Sábado, Dezembro 21, 2024

A resposta de Paulo VI à noção liberal de autoridade

Um dos erros mais detestáveis do modernismo, que ainda perdura nos tempos de hoje com ardilosa adaptação, é a noção liberal de autoridade. São Pio X em sua famosa Encíclica Pascendi Dominici Gregis explicou-nos com precisão qual era a noção de autoridade eclesial para o teólogo modernista. Junto disto, refutou tal pensamento demonstrando sua distância da fé católica.

Como expõe São Pio X, para o modernista a autoridade “nasce da consciência religiosa, e por esta razão fica dependente da mesma; e se faltar a essa dependência, torna-se tirânica.” Segundo essa visão, a autoridade da Igreja não veio de Cristo, mas é gerada pela “coletividade das consciências”. O Magistério Eclesiástico estaria em dependência constante da experiência desta coletividade.
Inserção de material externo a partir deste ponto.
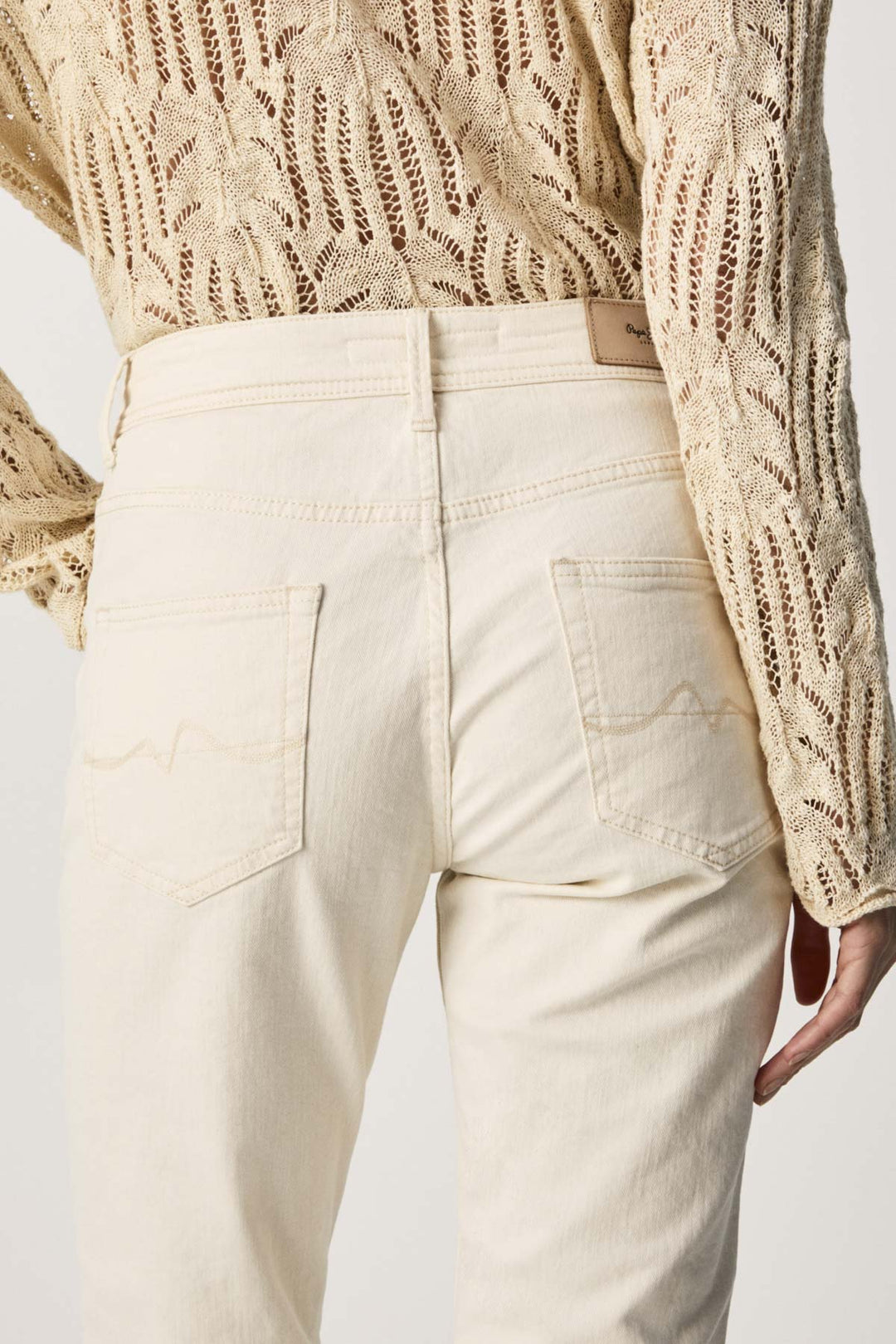 VIOLET DENIM - Pepe Jeans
Explica-nos o teólogo Ludwig Ott que para os modernistas o fundamento do dogma “é a experiência religiosa subjetiva, na qual Deus se revela ao homem (elemento religioso). A experiência religiosa da coletividade é estruturada racionalmente pela ciência teológica e expressada em fórmulas concretas (elemento intelectual). Tal formulação recebe por fim a aprovação da autoridade eclesiástica sendo declarada como dogma (elemento autoritativo).”[1]
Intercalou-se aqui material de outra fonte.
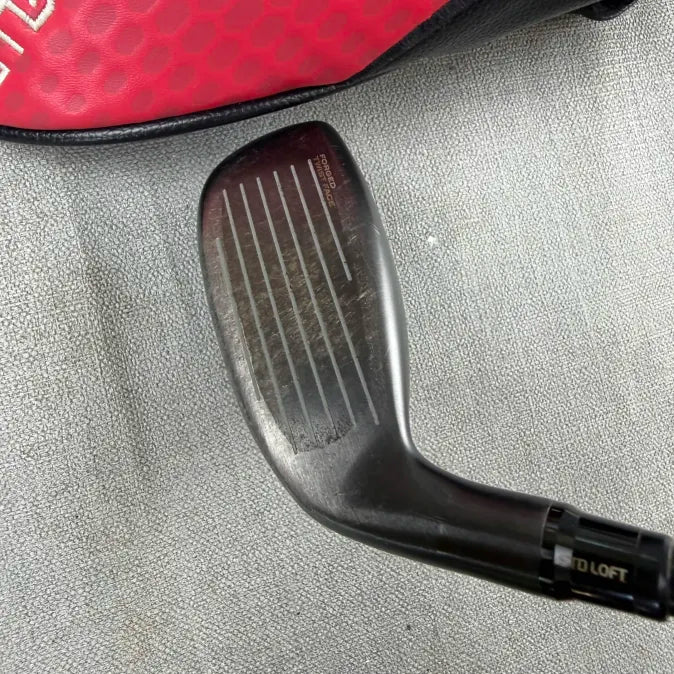 Taylormade Stealth2 Plus 3 Rescue - Stiff Flex Kai'Li / 19.5 Degree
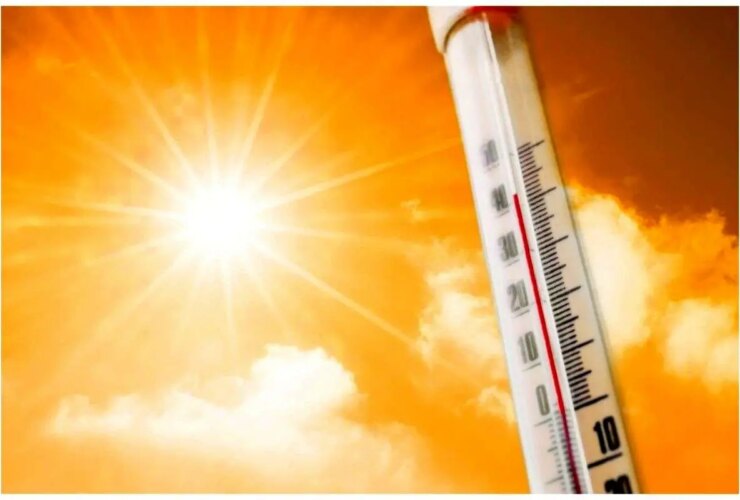 گرم ترین نقطه جهان با دمای 50 درجه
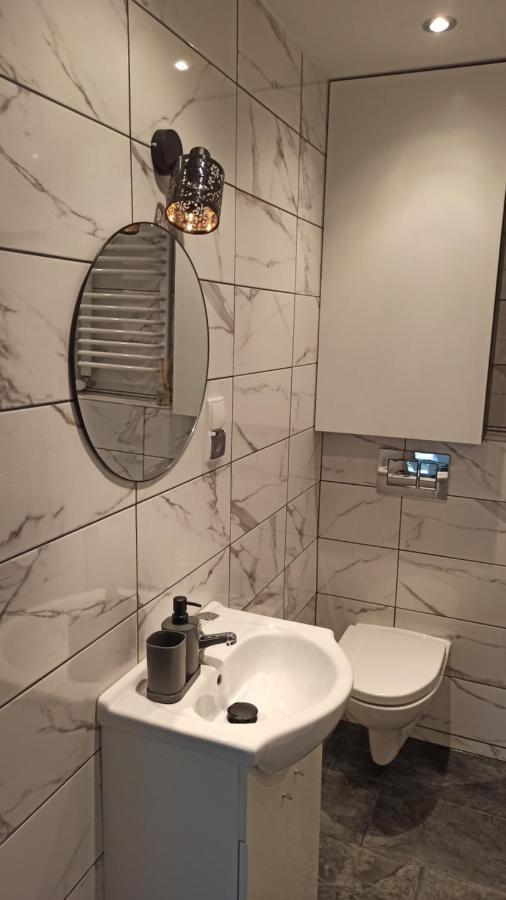 Apartament Zdrojowy II グウホワジ エクステリア 写真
O Magistério desse modo estaria sujeito a experiência dos fiéis, representada racionalmente pelos teólogos. É exercido, então, em nome do Povo de Deus e não em nome de Cristo. Sua intenção ao invés de ser impor doutrinas, com sua autoridade assistida pelo Espírito Santo, é regular e exprimir o entendimento geral para expressar a unidade, isto é, a autoridade liberal é serva da unidade e não mais mestra da verdade. O Povo de Deus que é inspirado e assistido pelo Espírito Santo e o Magistério não deve querer ser outra coisa senão veículo da expressão do acordo mútuo. Em suma: a doutrina modernista põe a autoridade a serviço da unidade de expressão do sentir comum de toda a comunidade da Igreja. Esse pensamento se opõe diretamente ao sentido de autoridade católica, por isso o São Pio X no Decreto Lamentabili condena a seguinte proposição: “Na definição de verdades, a Igreja discente e a docente colaboram de tal modo, que nada mais resta à Igreja docente senão sancionar as conjecturas comuns da discente.”

Para que essa teoria persistisse, não obstante as condenações explícitas papais, teólogos progressistas deram novas faces para essa visão democrática de Igreja (e. g. Andrew Greeley, Hans Kung, Jurgen Moltmann). Pretendem explicá-la a partir da doutrina da infalibilidade do corpo dos fiéis. Ora, é dogma de fé que o conjunto dos fiéis é infalível no crer. Contudo, esta infalibilidade não tem razão de ser em si mesma, supõe a infalibilidade ativa da Igreja docente, sem a qual não pode existir[2].

O Magistério, de fato, é sensível ao sensus fidelium, uma vez que o testemunho do povo cristão é sempre uma das bases sobre as quais a Igreja docente apóia suas decisões[3]. E neste sentido se pode dizer que às vezes o Papa solicita a cooperação dos bispos justamente para se informar sobre o sentir das Igrejas[4]. Mas tal relação não pode ser compreendida de forma que a fé partisse do corpo discente ao corpo docente. A realidade é inversa: o testemunho do povo cristão só possui seu estimado valor na medida em que existe grande conexão entre os fiéis e os pastores, isto é, da Igreja discente e da Igreja docente, que não permite que o consenso dos fiéis sobre a fé expresse outra coisa senão o ensinamento do Magistério autêntico[5]. O Papa leva em conta a fé do povo cristão como meio para certificar-se que um dado é revelado, mas supondo com isso que o Magistério ordinário da Igreja antecedeu nessa crença[6]. Mais uma vez repetimos: isso não demonstra que a Igreja discente não esteja subordinado a Igreja docente. O consenso do Povo é infalível porque necessariamente é expressão do ensinamento do Magistério autêntico.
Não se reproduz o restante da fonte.